Coetzee no es un novelista sobrio, con una concepción dramática de la novela. En sus novelas no hay nada superfluo, todo está en su sitio, pensado, calculado de antemano. Cualquier detalle de la acción, cualquier palabra aparentemente casual o sin sentido, encuentran unas páginas más adelante su justificación. Los sueños de los personajes están construidos como los nuestros, con fragmentos de nuestra vida pasada, de nuestra memoria, con insignificantes y anodinos acontecimientos diurnos, y su simbolismo no escapa al lector atento. Hasta sus propios personajes han aprendido que una palabra o una frase, además de su sentido inmediato, sentido que no puede ser más que el de una conversación social sin más pretensiones, siempre tiene otro más remoto, un sentido futuro por así decirlo. Cuando Mijailovich está hablando con Anna Sergeyevna, esta dice en un momento de la conversación: «Todo lleva su tiempo». Frase anodina y trivial donde las haya. Sin embargo Mijailovich piensa: «Aunque no haya causa que lo explique, lee en este comentario un doble sentido». Y naturalmente lo tiene. No hay más que esperar.

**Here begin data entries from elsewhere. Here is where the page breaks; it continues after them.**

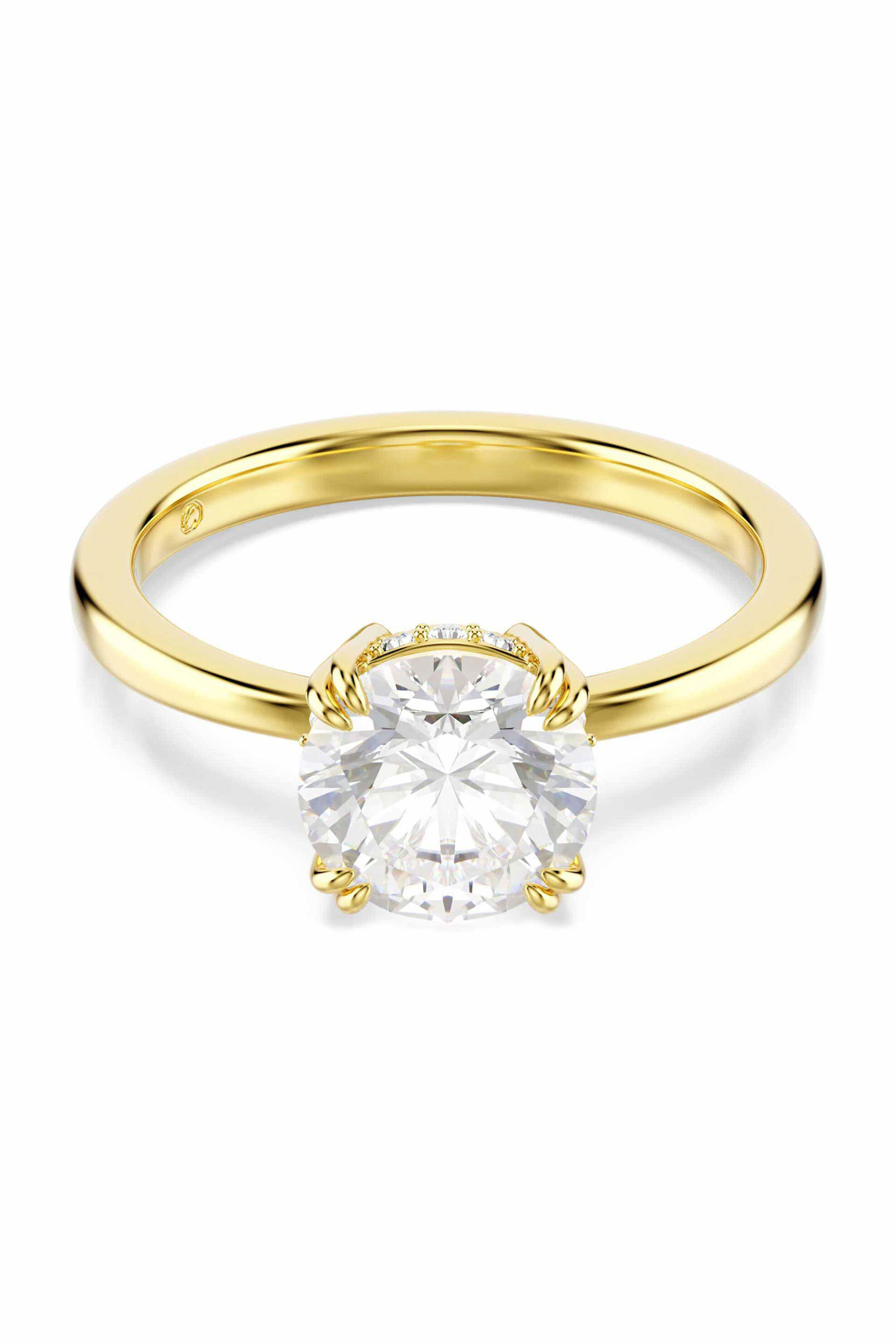 Swarovski γυναικείο δαχτυλίδι κοκτέιλ στρογγυλή κοπή, λευκό, επιμετάλλωση σε χρυσαφί τόνο 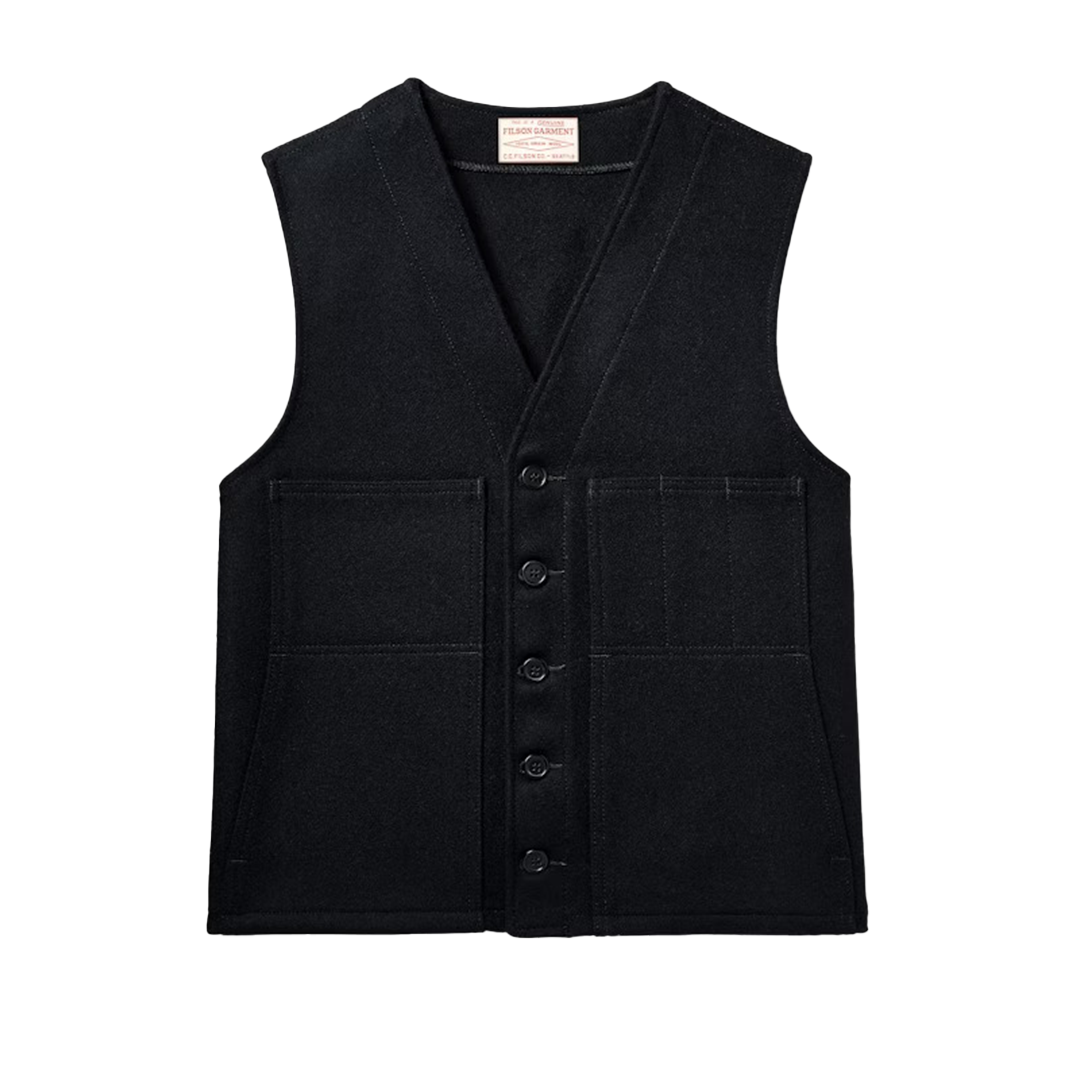 Filson Mackinaw Wool Vest for Men - Dark Navy, Warm & Durable Outdoor Hunting & Fishing Gear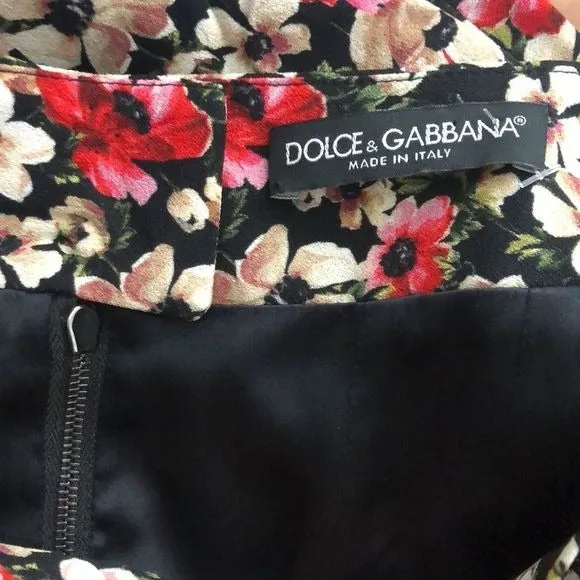 DolceandGabbana Black Floral MIDI Skirt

Los personajes de Coetzee sonríen poco, y cuando lo hacen, lo hacen en circunstancias extrañas. «Cuando se apagan todas las luces sonrío en la oscuridad», escribe Magda. Yo creo que lloran más, sin motivo. Claro que esto es un decir, pues toda su vida es un motivo. «Hasta la fecha me he ahorrado el llanto, pero cada cosa tiene su sitio y su momento oportuno; estoy segura de que un día llegará la hora de llorar», dice la misma Magda. Y cuando las protagonistas son mujeres, parece obligado que salga algún espejo en algún momento del relato. Susan Barton encuentra uno en casa de Foe y lo vende, no sólo por necesidad, sino también para no tener que verse en él. También Magda se mira en el espejo heredado de su madre, cosa que no le produce evidentemente ningún placer. El espejo es un espejo del tiempo, como también el desierto y la desolación, dos imágenes, o tal vez sea una sola, siempre presentes en las novelas de Coetzee. Unas veces es el desierto africano de su infancia, otras la desolación urbana de su juventud, y la mayoría desierto y desolación en los corazones de los personajes que pueblan sus novelas. Y en medio de todo esto la condición de náufrago. Obvia en Foe, no sólo en la isla sino también en Inglaterra, y no tan obvia en el espléndido y estremecedor final de En medio de ninguna parte. No tan obvia para una mirada indiferente, para una mirada que no ve o no sabe interpretar las señales. Porque las novelas de Coetzee están llenas de señales. La condición de náufrago es algo más que soledad. El mundo está lleno de náufragos como está lleno de naufragios. Para Coetzee el naufragio es algo más que una metáfora. O algo menos. «Somos los náufragos de Dios, tal como somos los náufragos de la historia». Ahora Coetzee no está hablando de la humanidad, evidentemente. Está hablando de Sudáfrica. Lo que pasa en un lugar como Sudáfrica, está pasando también en otras partes del mundo, ha pasado en otras partes del mundo, pasará en otras partes del mundo. Ningún lugar ya está libre, protegido, ningún lugar es seguro. Por eso los libros de Coetzee, se lean donde se lean, estremecen. Los comprendemos demasiado bien.